TASK DETAILS = Scan the listing and work out how many lines contain the word "energy". Nothing but the number should be given.

"""

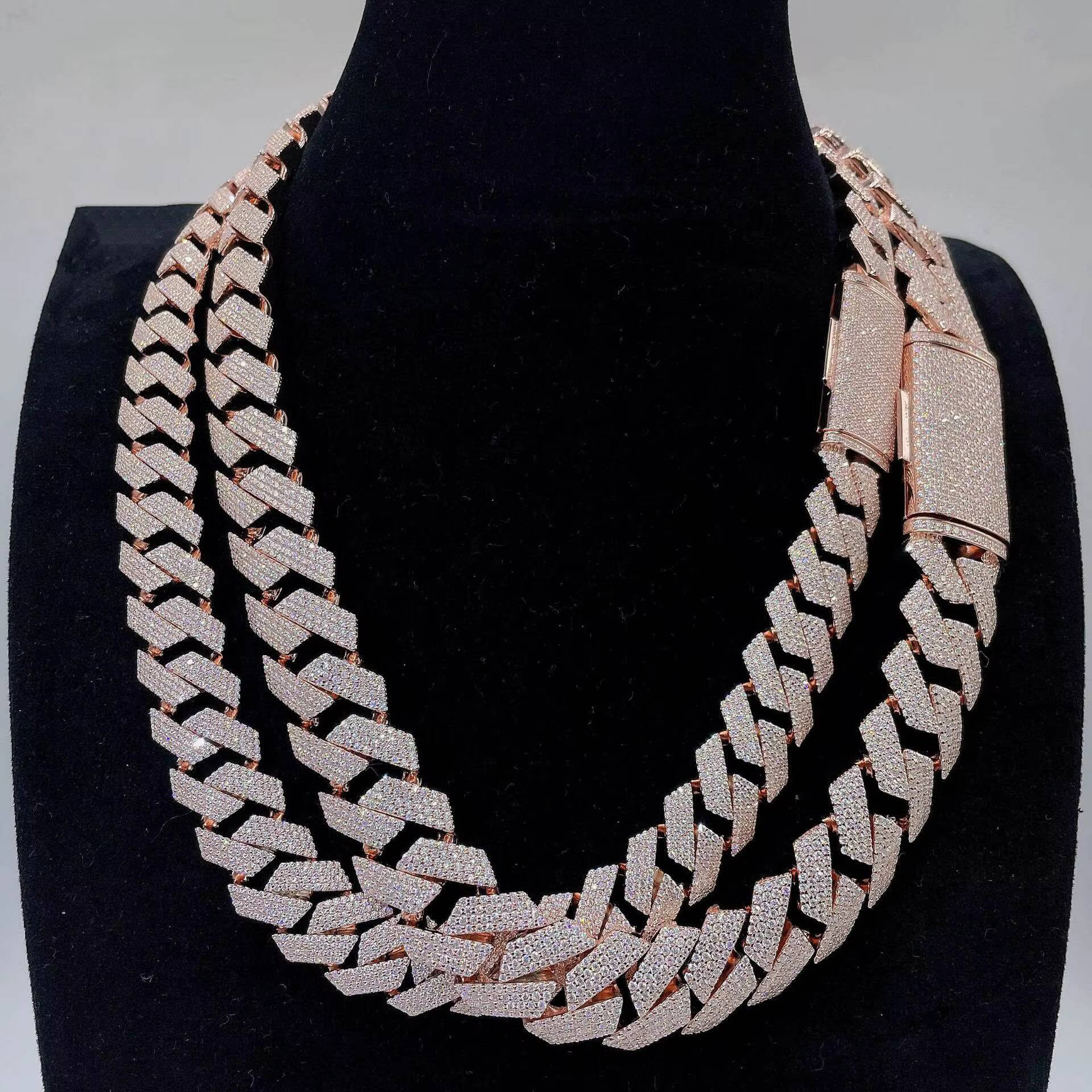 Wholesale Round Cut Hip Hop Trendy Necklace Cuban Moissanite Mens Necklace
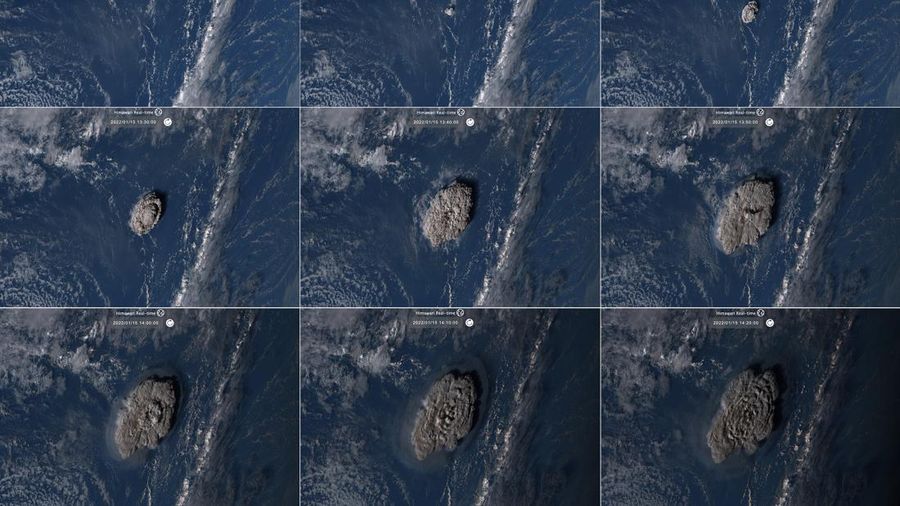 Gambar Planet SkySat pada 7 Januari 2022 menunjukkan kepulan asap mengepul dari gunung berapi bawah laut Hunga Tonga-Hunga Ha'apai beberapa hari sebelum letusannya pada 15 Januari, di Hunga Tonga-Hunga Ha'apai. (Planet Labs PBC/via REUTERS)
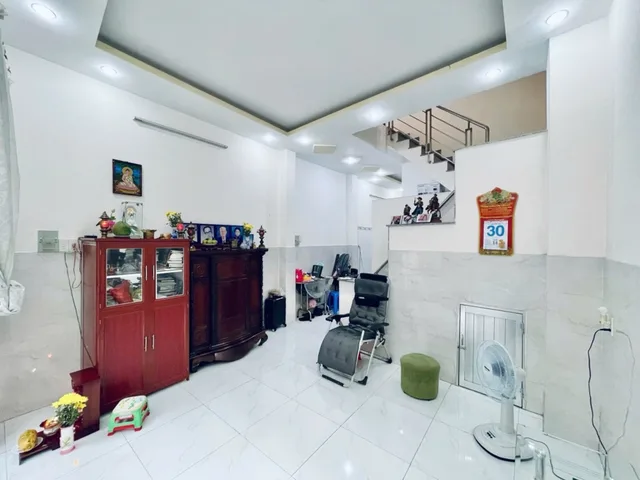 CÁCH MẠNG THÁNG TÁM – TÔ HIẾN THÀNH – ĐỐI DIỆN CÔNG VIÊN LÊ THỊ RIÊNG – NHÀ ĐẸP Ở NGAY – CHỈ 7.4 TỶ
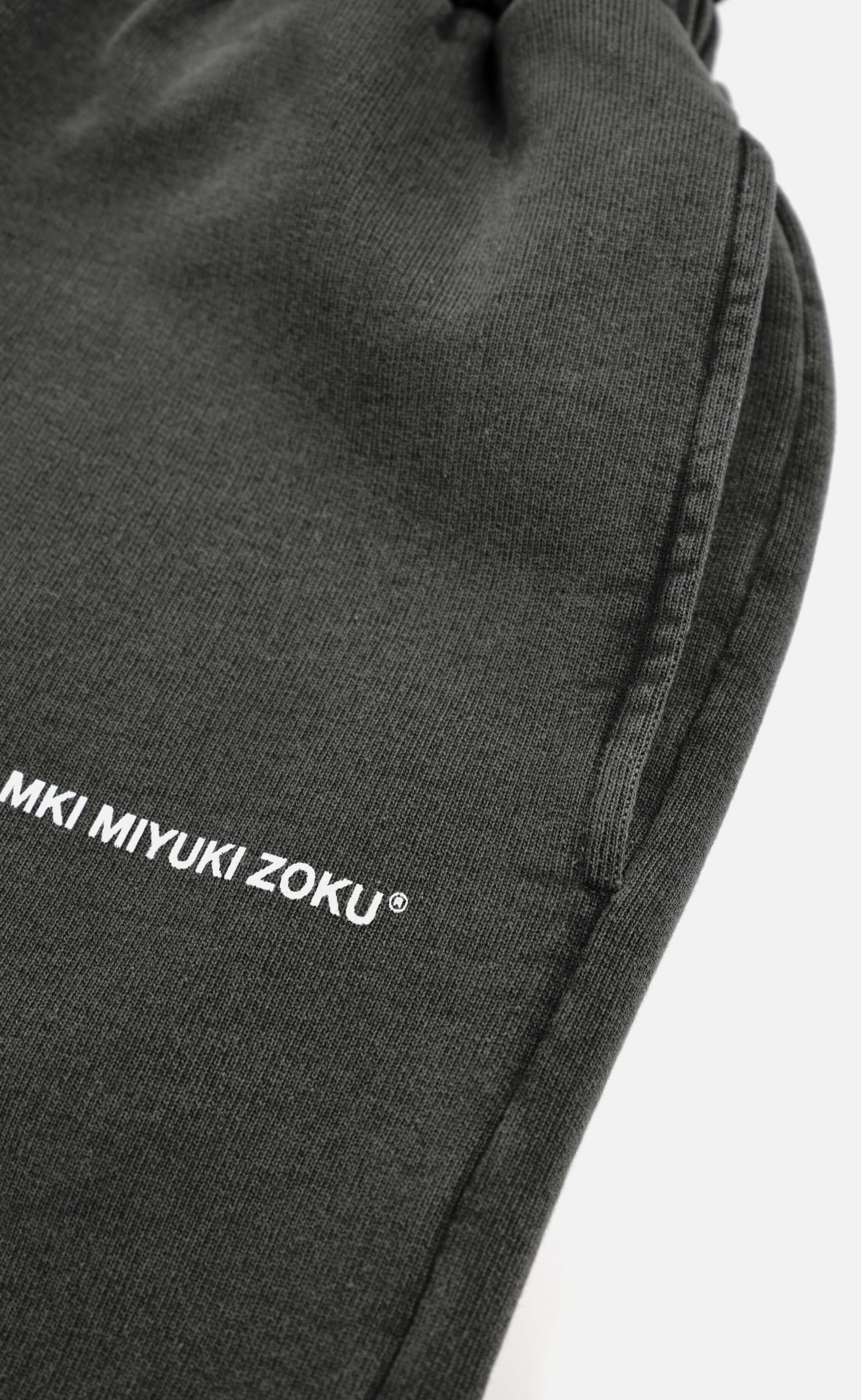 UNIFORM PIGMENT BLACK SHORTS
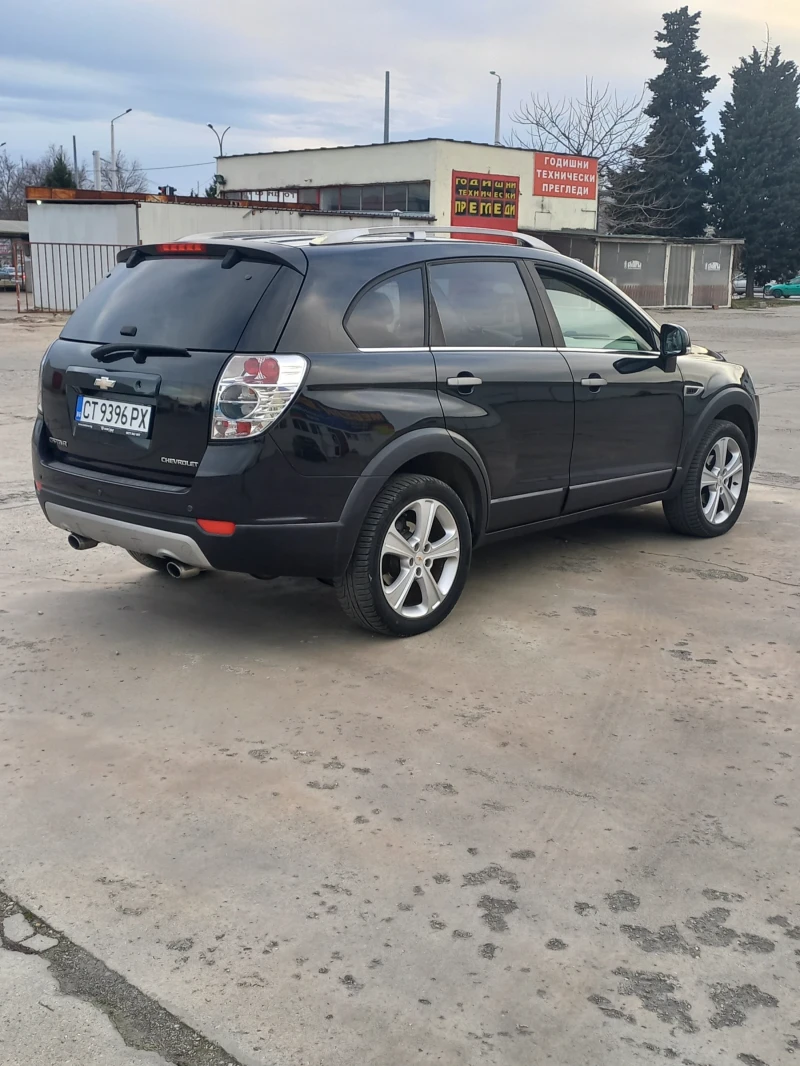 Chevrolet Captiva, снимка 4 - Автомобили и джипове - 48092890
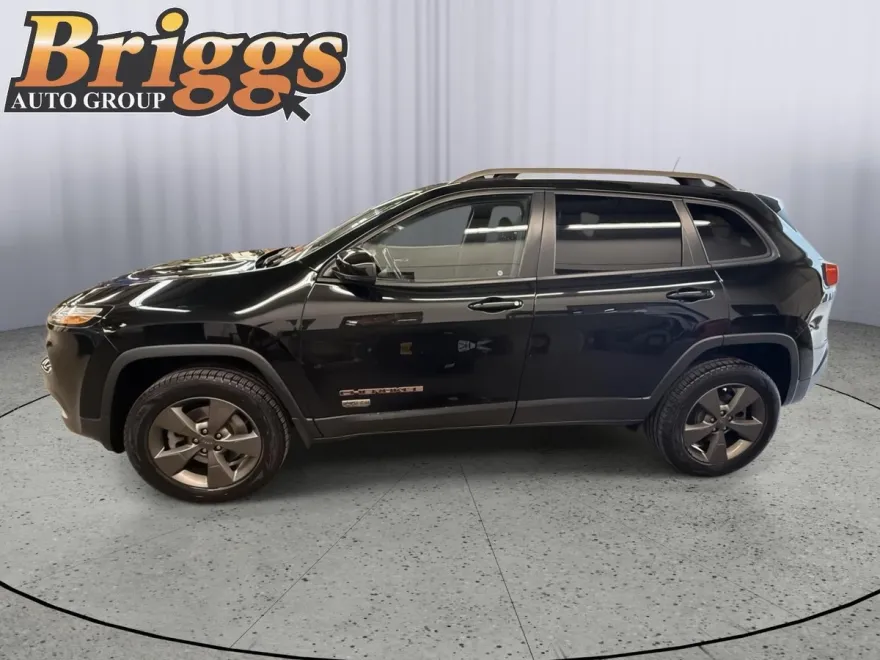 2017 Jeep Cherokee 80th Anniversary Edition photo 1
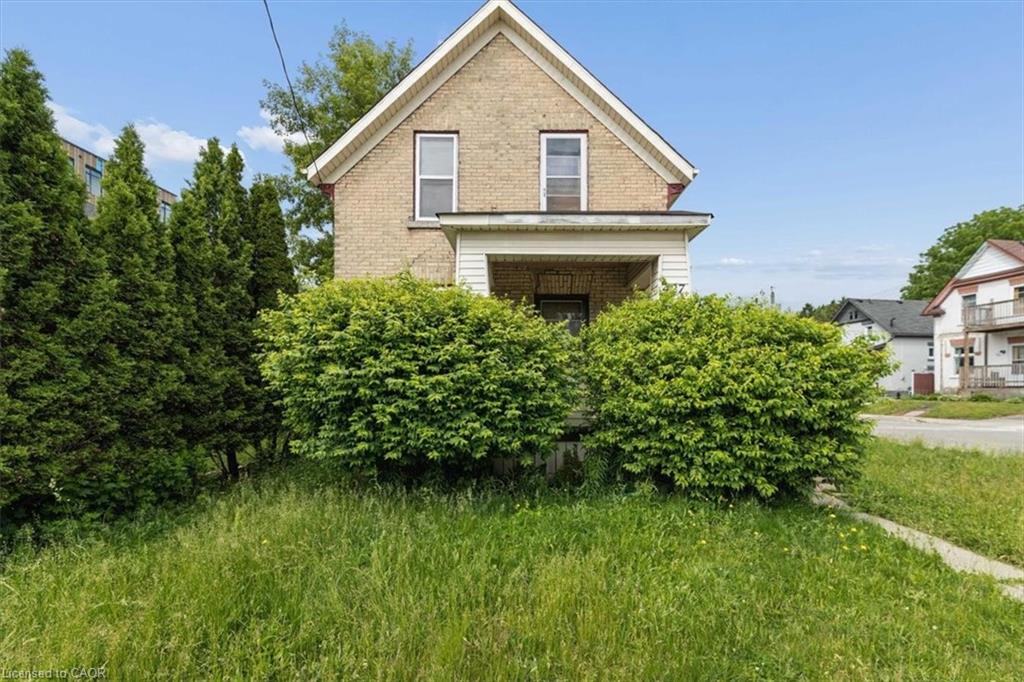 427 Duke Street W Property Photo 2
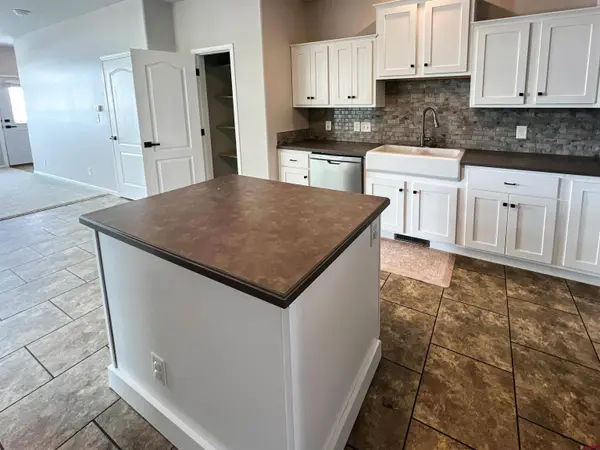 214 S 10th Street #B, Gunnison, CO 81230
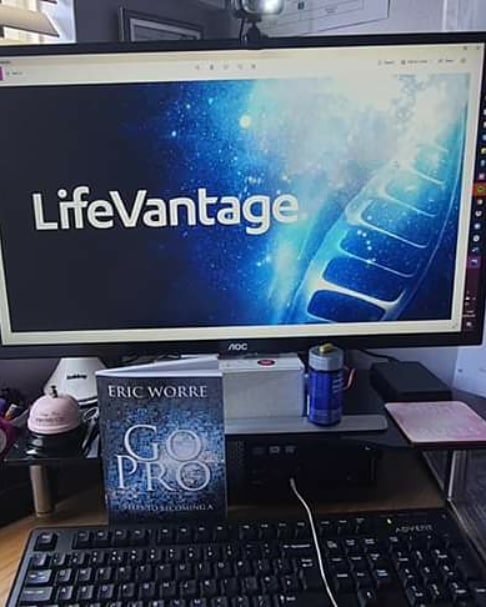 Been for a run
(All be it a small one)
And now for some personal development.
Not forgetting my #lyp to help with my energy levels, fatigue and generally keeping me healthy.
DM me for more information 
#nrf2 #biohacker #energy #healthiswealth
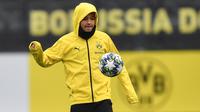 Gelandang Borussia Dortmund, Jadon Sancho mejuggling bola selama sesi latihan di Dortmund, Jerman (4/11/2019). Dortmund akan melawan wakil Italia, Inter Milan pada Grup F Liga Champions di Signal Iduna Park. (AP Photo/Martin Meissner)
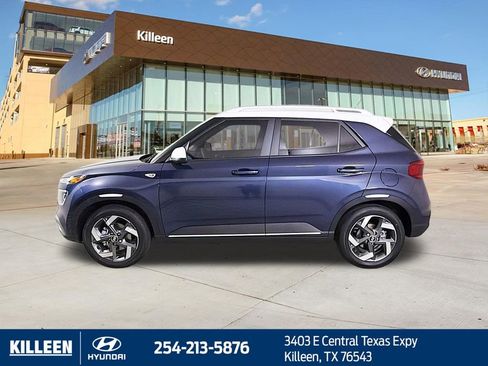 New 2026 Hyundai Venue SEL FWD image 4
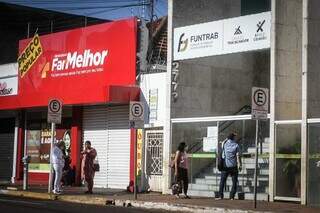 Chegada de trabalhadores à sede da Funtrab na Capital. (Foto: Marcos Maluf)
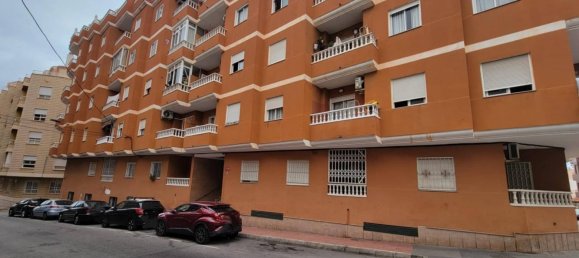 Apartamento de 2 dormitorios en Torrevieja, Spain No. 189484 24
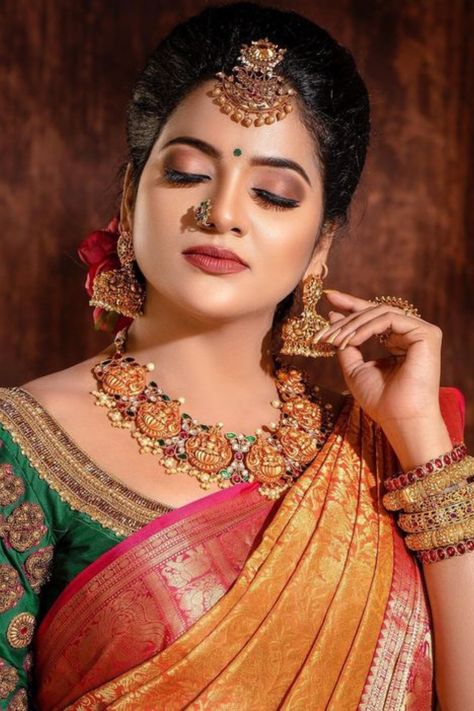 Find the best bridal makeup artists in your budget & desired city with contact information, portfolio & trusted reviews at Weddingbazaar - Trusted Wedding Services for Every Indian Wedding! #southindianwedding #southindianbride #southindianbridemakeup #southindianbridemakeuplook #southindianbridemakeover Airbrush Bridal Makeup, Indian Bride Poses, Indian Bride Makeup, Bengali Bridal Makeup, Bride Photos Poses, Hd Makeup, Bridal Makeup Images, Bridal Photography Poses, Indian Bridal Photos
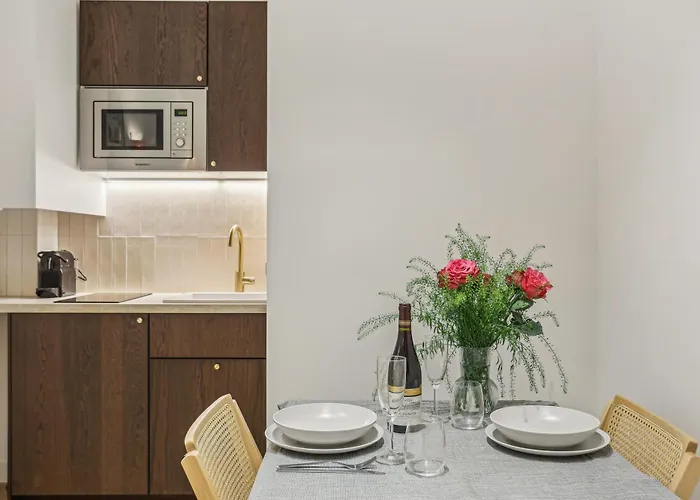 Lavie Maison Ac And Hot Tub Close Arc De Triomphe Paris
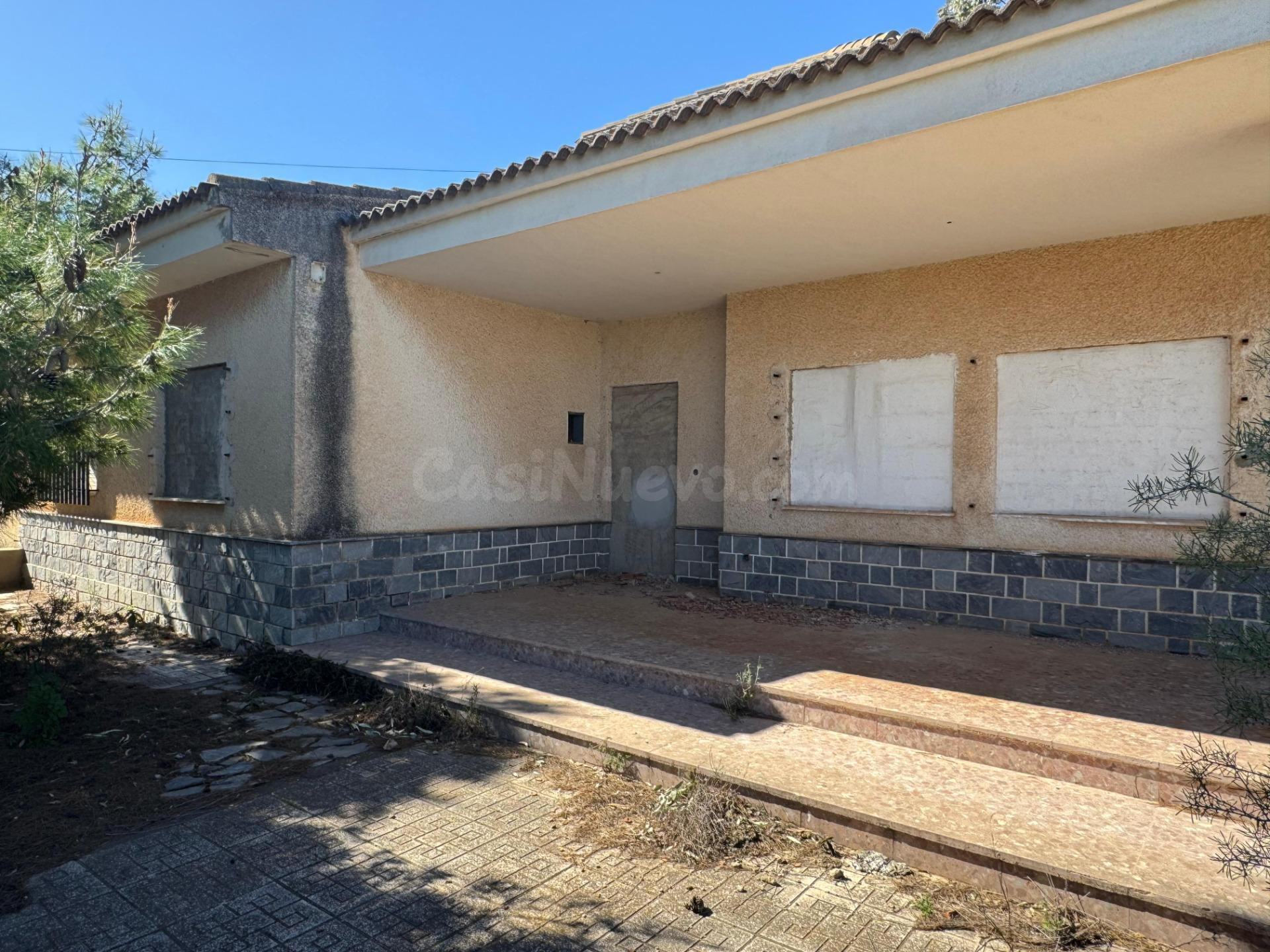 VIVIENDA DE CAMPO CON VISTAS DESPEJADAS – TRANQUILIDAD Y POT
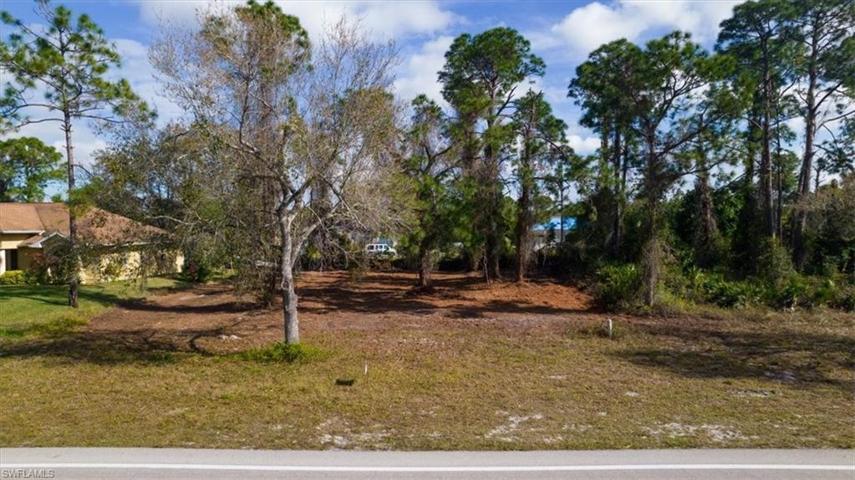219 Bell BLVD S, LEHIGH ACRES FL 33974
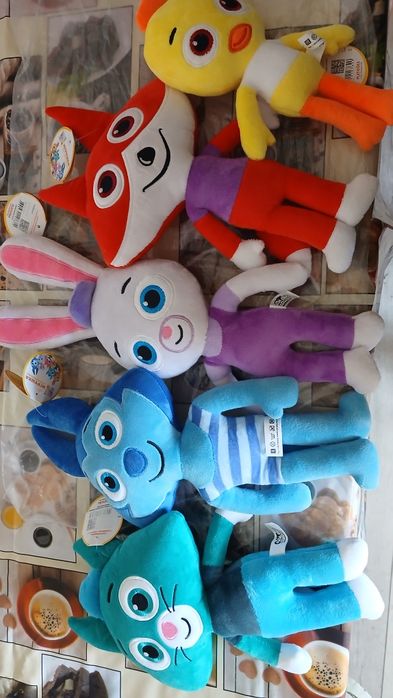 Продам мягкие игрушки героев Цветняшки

"""

WORKED SOLUTION = 2